Latar Belakang Masalah PENDAHULUAN
2 Makanan bagi manusia sejatinya adalah sebentuk pemenuhan kebutuhan
energi secara biologis, dimana kebutuhan atas energi tersebut terdapat dilingkungan sekitar kehidupan. Pada tahapan perkembangan pemenuhan atas
kebutuhan energi tersebut, makanan yang berasal dari alam atau lingkungan hidup dimanifestasikan kedalam bentuk simbol-simbol yang berkaitan dengan
kehidupan, tidak hanya sekedar sebagai tanda melainkan juga turut menyimpan beragam hal yang berkaitan dengan makanan, kehidupan dan pola konsumsi.

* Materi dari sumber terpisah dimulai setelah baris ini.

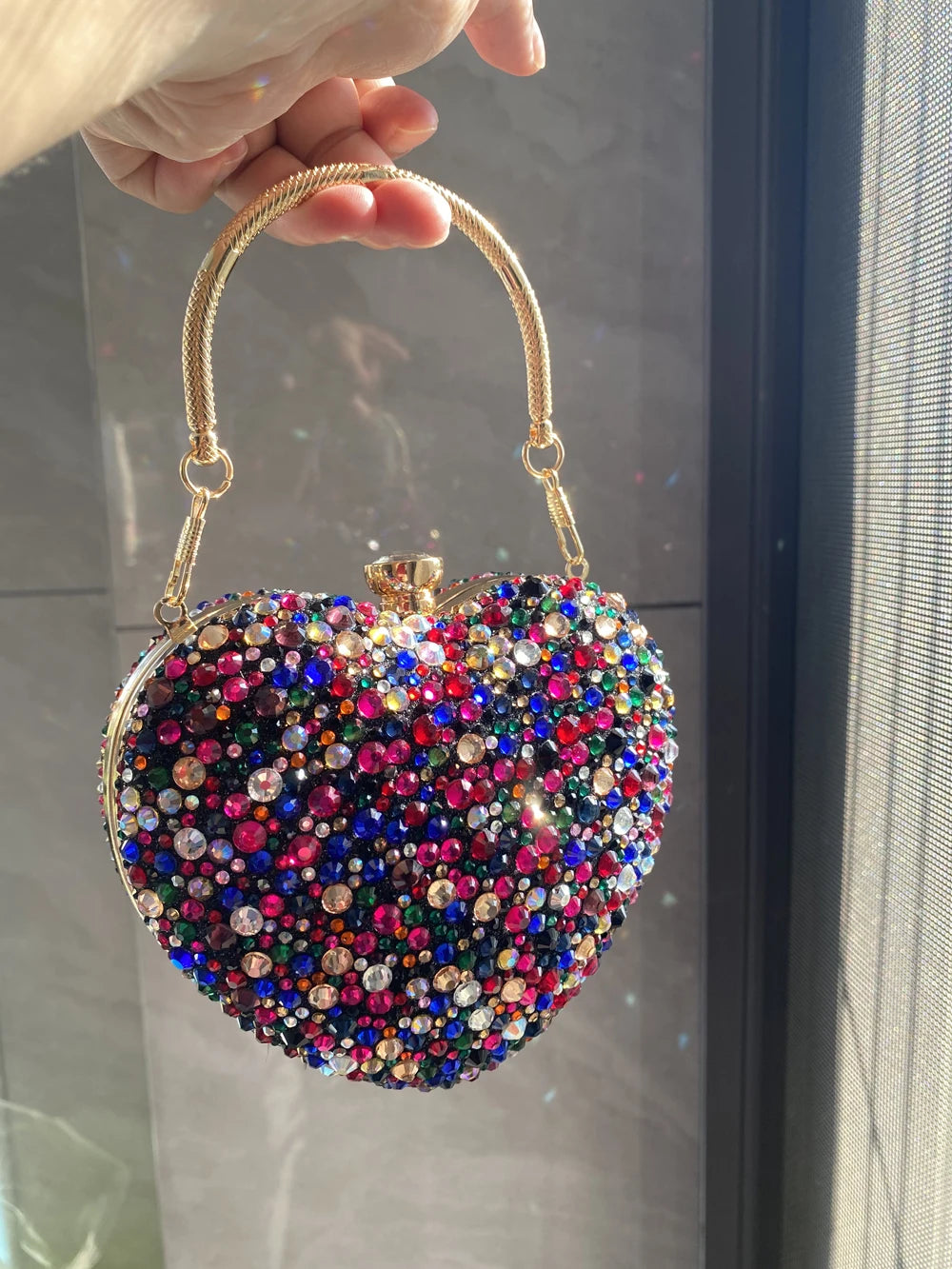 pochette cœur multicolore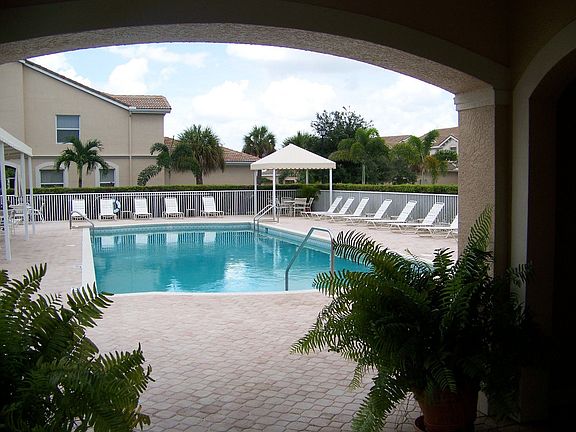 Association pool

Beberapa penelitian mengenai makanan, pola konsumsi, hingga simbol yang terdapat pada makanan telah dilakukan dalam rentang waktu yang panjang
dalam lingkup kajian antropologi Claude Levi-Strauss:1965, Sutton:2001, Counihan:2004. Hal tersebut turut memberikan gambaran mengenai pentingnya
peran makanan, pola konsumsi dan simbol yang terdapat pada makanan terhadap kehidupan kebudayaan manusia.
Pemahaman Strauss 1965 terhadap strukturalism juga dipengaruhi oleh aspek makanan yang kemudian memunculkan pemikiran mengenai “culinary
triangle”, dimana dalam kajian tersebut Strauss 1965 membagi antara makanan mentah dan makanan masak yang merepresentasikan pemikiran manusia atas
nature dan culture. Mengutip Foster dan Anderson 1978 bahwa makanan juga memiliki
keterkaitan terhadap hubungan sosial yang tercipta dalam kehidupan masyarakat dan juga sebagai cara berkomunikasi diantara mereka, sehingga makanan bukan
saja sebagai proses mengkonsumsi melainkan juga sebagai proses yang menggambarkan keterkaitan antar individu dalam kehidupan pola hubungan sosial
3 yang tercipta melalui kegiatan makan.
Pentingnya arti konsumsi makanan menjadi perhatian kajian antropologi, yang terbagi atas tata cara pengumpulan bahan makanan, proses pembuatan,
penyajian dan ritual hingga nilai asupan nutrisi. Hal ini memberi gambaran singkat bahwa makanan berpengaruh dalam kehidupan manusia secara luas.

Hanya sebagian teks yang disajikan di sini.